Obviously, we won’t be acting wholly in isolation. The EU has committed itself to a measure of decarbonisation, as has Joe Biden’s America. Then again, as Donald Trump once put it, with characteristic bluntness: “Look at China, how filthy it is! Look at Russia, look at India: it’s filthy, the air is filthy!”
China is the world’s biggest polluter, responsible for 28 per cent of carbon emissions. India is third, at seven per cent. Both countries are reluctant to commit to binding targets. Is there much point in pushing ahead without them?
I suppose I ought to add, at this point, that I believe the world is heating, at least partly in response to human activity. If you disagree, fine. But there is then no point in arguing about targets and international deals. If you fundamentally don’t think there is any problem, we will just go round and round in circles.
If, on the other hand, you see a problem, the question becomes how to tackle it affordably and proportionately. Our aim should be to harness the genius of the private sector – to use inventions like that hydrogen motor – so as to minimise extra spending and extra bureaucracy.
It is fair enough to argue that someone needs to make the first move. It is fair enough, too, to point out that the whole world should not hang back simply because two or three states won’t join in. The question is one of proportionality.
It is here that my doubts arise. The commitments we have made go beyond most of our competitors’. The EU and the United States lag behind us, though not by much. Canada, Australia and Japan lag a bit further. China talks vaguely of peaking around 2030. A clutch of states – Russia, Turkey, Saudi Arabia – are barely bothering to go through the motions.

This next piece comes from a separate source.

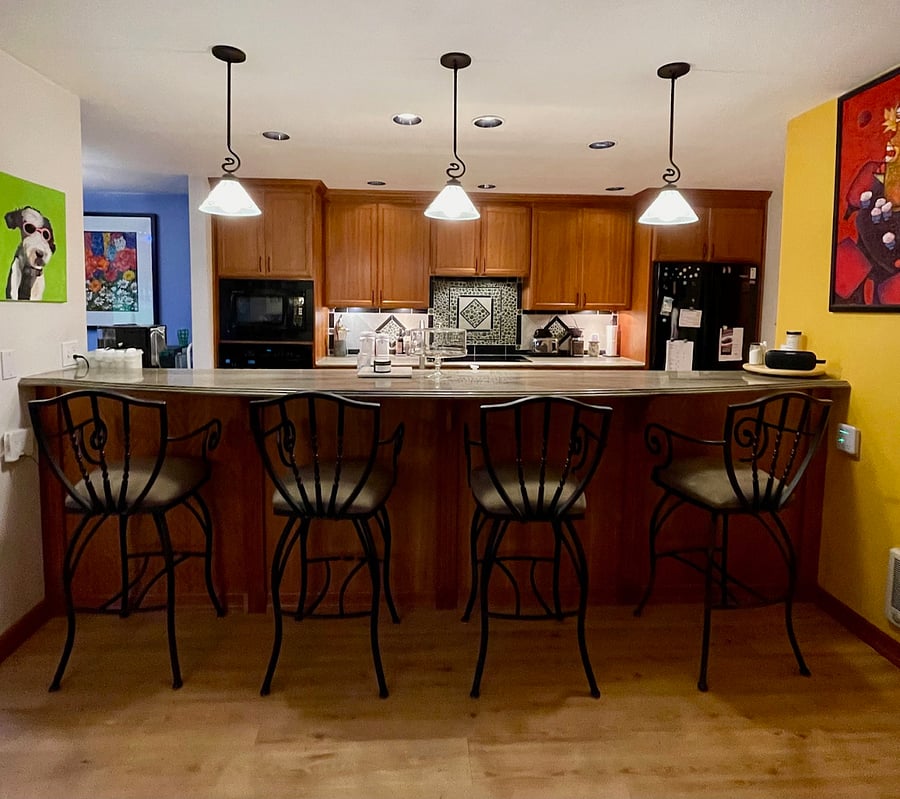 Breakfast bar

Leading by example is all well and good. Impoverishing yourself in order to make a point, not so much. The danger, as with all government initiatives, is that we reach a critical mass where, even if it becomes clear that the rest of the world isn’t following, a powerful lobby of rent-seekers and eco-corporatists continue to drive the policy for its own sake.
Don’t underestimate how painful the adjustment will be. “Energy is not just another sector of the economy,” the great Matt Ridley points out. “It is the thermodynamic lifeblood of prosperity.” Modern civilisation became possible when falling energy prices released human beings from back-breaking labour. In 1880 a minute’s work would buy four minutes of artificial light. In 1950 it was seven hours of light. By 2000 it was five days.

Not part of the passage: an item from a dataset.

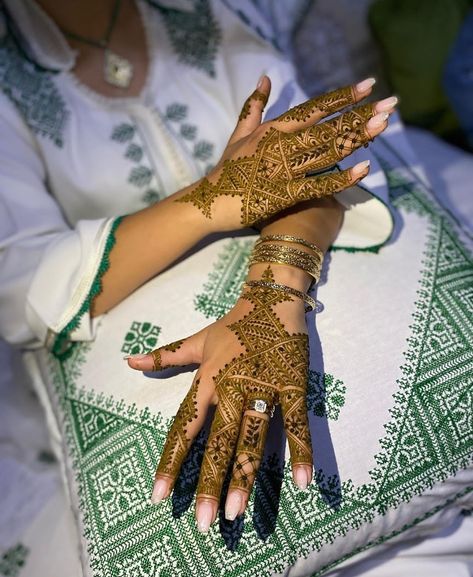 Moroccan Wedding Henna Brides, Moroccan Wedding Henna, Suhagrat Night, Moroccan Henna Party, Algerian Henna, Moroccan Henna Designs, Morocco Henna, Henna Nail Art, Bride Henna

None of this is to say that we should give up. There will be more breakthroughs like the JCB engine. Batteries should, over time, become cheaper and lighter. New ways might be found to heat houses. We might even happen across a completely new, clean energy source – fusion, say. The cost of climate mitigation, like the cost of adaptation, will fall as technology improves.
All I am asking for is perspective. We need constantly to weigh costs and benefits; to tackle the freeloader dilemma; to consider that innovation might lower prices, and so make calculated postponements rational; to ask whether there are other priorities (in 2020, for example, there was).
We should, in short, approach climate change in a transactional rather than a millenarian spirit, looking for maximum effectiveness rather than seeking to flaunt our piety. Conservatives, of all people, ought to understand that.